In Part 2C your job is to handle the MKDIR and UNLINK FUSE operations. For MKDIR, you do not have to create "." or ".." entries in the new directory since the Linux kernel handles them transparently to ChFS. UNLINK should always free the file's extent; you do not need to implement UNIX-style link counts.

About Test If your implementation passes the test-lab1-part2-c.pl script, you are done with part 3. The test script creates a directory, creates and deletes lots of files in the directory, and checks file and directory mtimes and ctimes. Note that this is the first test that explicitly checks the correctness of these time attributes. A create or delete should change both the parent directory's mtime and ctime (here you should decide which level you can modify the 3 time attributes, and think about why?). Here is a successful run of the tester:

$ make
$ sudo ./start.sh
$ sudo ./test-lab1-part2-c.pl ./chfs1
mkdir ./chfs1/d3319
create x-0
delete x-0
create x-1
checkmtime x-1
...
delete x-33
dircheck
Passed all tests!
$ sudo ./stop.sh

Note: Now run the command sudo ./grade and you should pass A, B, C and E.

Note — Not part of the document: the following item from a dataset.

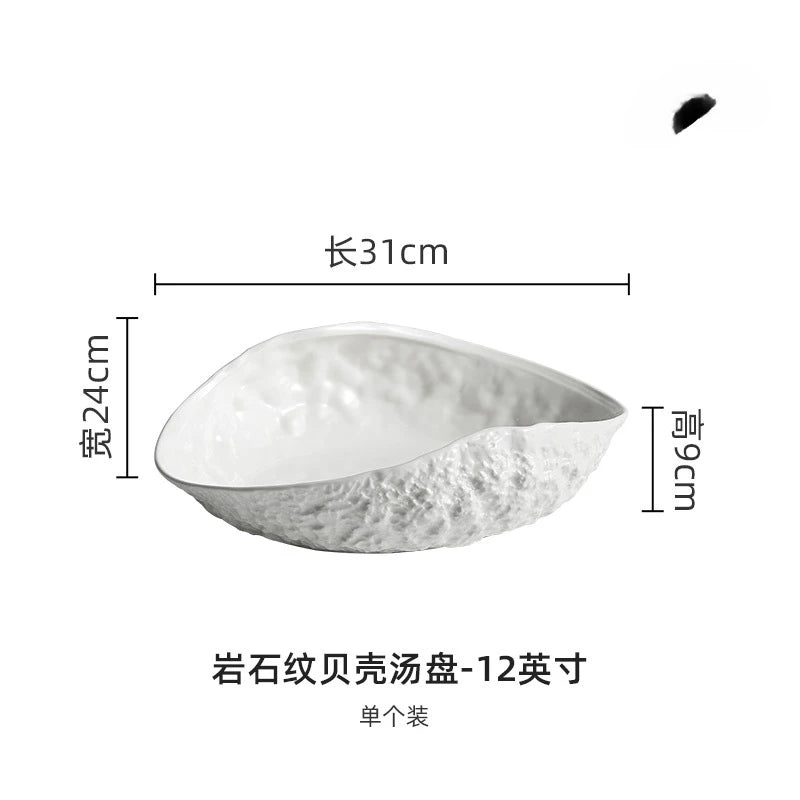 Rock Pattern Shell Ceramic Plate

Part 2D: SYMLINK, READLINK

Please implement symbolic link. To implement this feature, you should refer to the FUSE documentation available online and figure out the methods you need to implement. It's all on yourself. Also, look out for comments and hints in the hand-out code. Note: remember to add related method to fuse.cc. You may want to refer to http://stackoverflow.com/questions/6096193/how-to-make-symbolic-links-in-fuse .

GRADING

Finally, after you've implemented all these features, run the grading script:

$ sudo ./grade.sh
Passed A
Passed B
Passed C
Passed D
Passed E
Passed F -- Robustness
Part2 score: 100/100

Note that if you encounter a "chfs_client DIED", your filesystem is not working. In such cases the requests are served by the system's file system (usually EXT3 or btrfs or tmpfs). You would not be awarded credits if your chfs_client crashes, but could get partial credit if it produces incorrect result for some test cases. So do look out for such mistakes. We've seen dozens of students every year thinking that they've passed lots of tests before realizing this.

Handin Procedure

After all above done:

$ make handin

That should produce a file called lab1.tgz. Change the file name to your student id:

$ mv lab.tgz lab1_[your student id].tgz

Then upload lab1_[your student id].tgz file to Canvas before the deadline. Make sure your implementation has passed all the tests before final submit. (If you must re-submit a new version, add explicit version number such as "V2" to indicate).

You will receive full credit if your software passes the same tests we gave you when we run your software on our machines.